Friday, October 03, 2008

Devolved power - or half power?

The news of Sir Ian Blair's departure has provoked a political row over who can "hire and fire" the head of the Metropolitan Police. I don't want to rehash the arguments both ways about Blair himself but there are some wider problems.

The biggest problem is that a lot of political power has been devolved (and yes, the Greater London Authority is a form of devolved power even though it is a metropolitan wide authority and not a "regional assembly" of the type devised as a sop to the English question) in a bad manner, with the result that in many areas power is now wielded by a hydra of national and devolved politicians. It's also a poorly kept secret that when the Scottish Parliament, Welsh Assembly and Greater London Authority were set up the widespread expectation was that they would almost permanently be controlled by Labour politicians and that Westminster-devolved conflicts would be between non-Labour Westminster governments and Labour devolved ones, not the other way round. The result is that the executives have quite significant powers in their own right and are not so vulnerable to the problems of minorities in the assemblies or even an opposition majority as on the London Assembly.

But they are also probe to following a different path from Westminster. Now this is a natural consequence of devolving power and localism (although I wish the UK media would more accurately report the Scottish Parliament and Welsh Assembly rather than just focusing on the supposed benefits of spending, stoking English jealousy). However when there are both local and national concerns - and the Metropolitan Police is not exclusively a police force for London but has various national duties as well. So it's not terribly easy to carve up accountability between the Mayor of London and the Home Secretary. It can work if they're cut from the same political cloth, but when they're not (and this applied as much to Ken Livingstone as to Boris Johnson) then clashes and divided confidence are inevitable. It's not a terribly workable arrangement in the long run.

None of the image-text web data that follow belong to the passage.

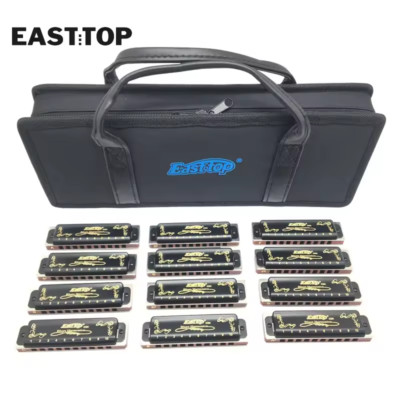 EASTTOP 10Holes Harp Diatonic Blues Harmonica Set Of 12 Mouth Organ Set T008K-12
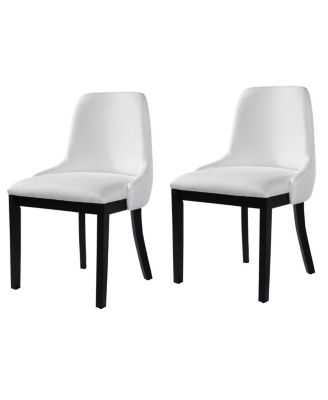 Wooden Dining Chairs Set of 2, Black Linen Upholstered Farmhouse Style Chairs
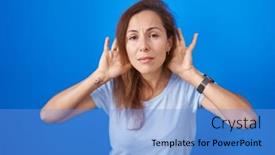  Presentation with blue - Slide deck having brunette-woman-standing-over-blue background and a teal colored foreground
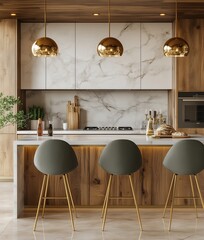 Modern kitchen interior design, marble white and wood color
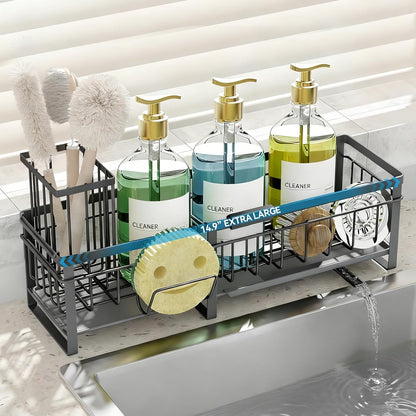 Extra Large Extendable Sponge Holder for Kitchen Sink Caddy Organizer | Rustproof Sink Caddy Organizer with High Brush Holder, Dish Soap Dispenser Organizers and Storage (Black)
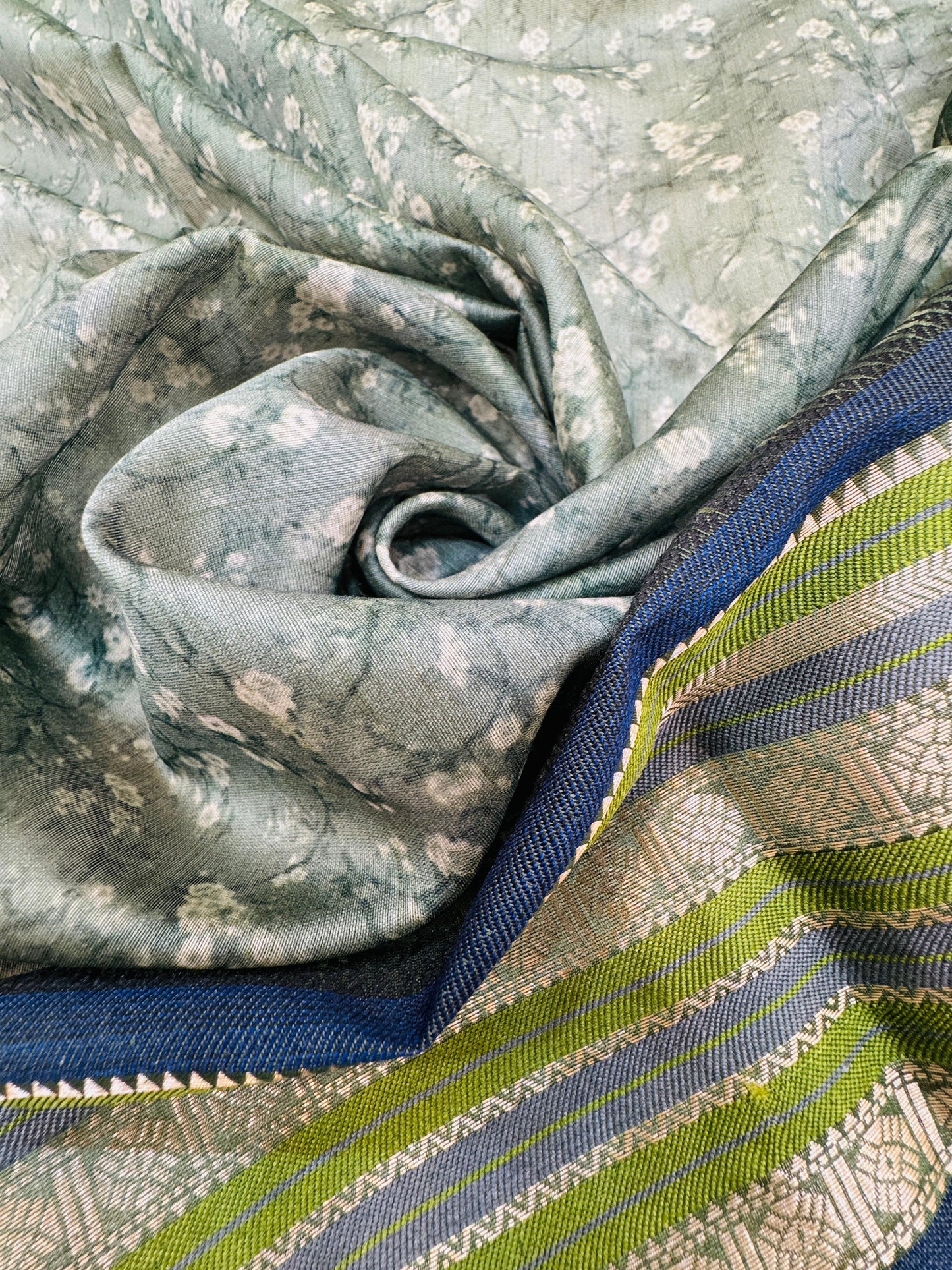 Pure Banarasi Chanderi Digital Print Saree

Is there an obvious solution? It's a lot harder to separate out overlap services than is often thought (a problem that also comes up with Welsh devolution because of large numbers in the borders) or to arrange things so that the same party always controls all the relevant posts (and, as Ken Livingstone demonstrated and Boris Johnson will soon do as well, just being from the same party as the Westminster government does not guarantee unity), especially when so many elections are contested as a chance to make a mid-term protest against the Westminster government. It is often forgotten that the 2004 Mayoral election was the only time a London authority election was won by the party in power at Westminster since 1949. And even that was down to Livingstone returning to Labour rather than running again as an Independent. Whether this pattern will change remains to be seen, but it is not an encouraging precedent. So what is the solution?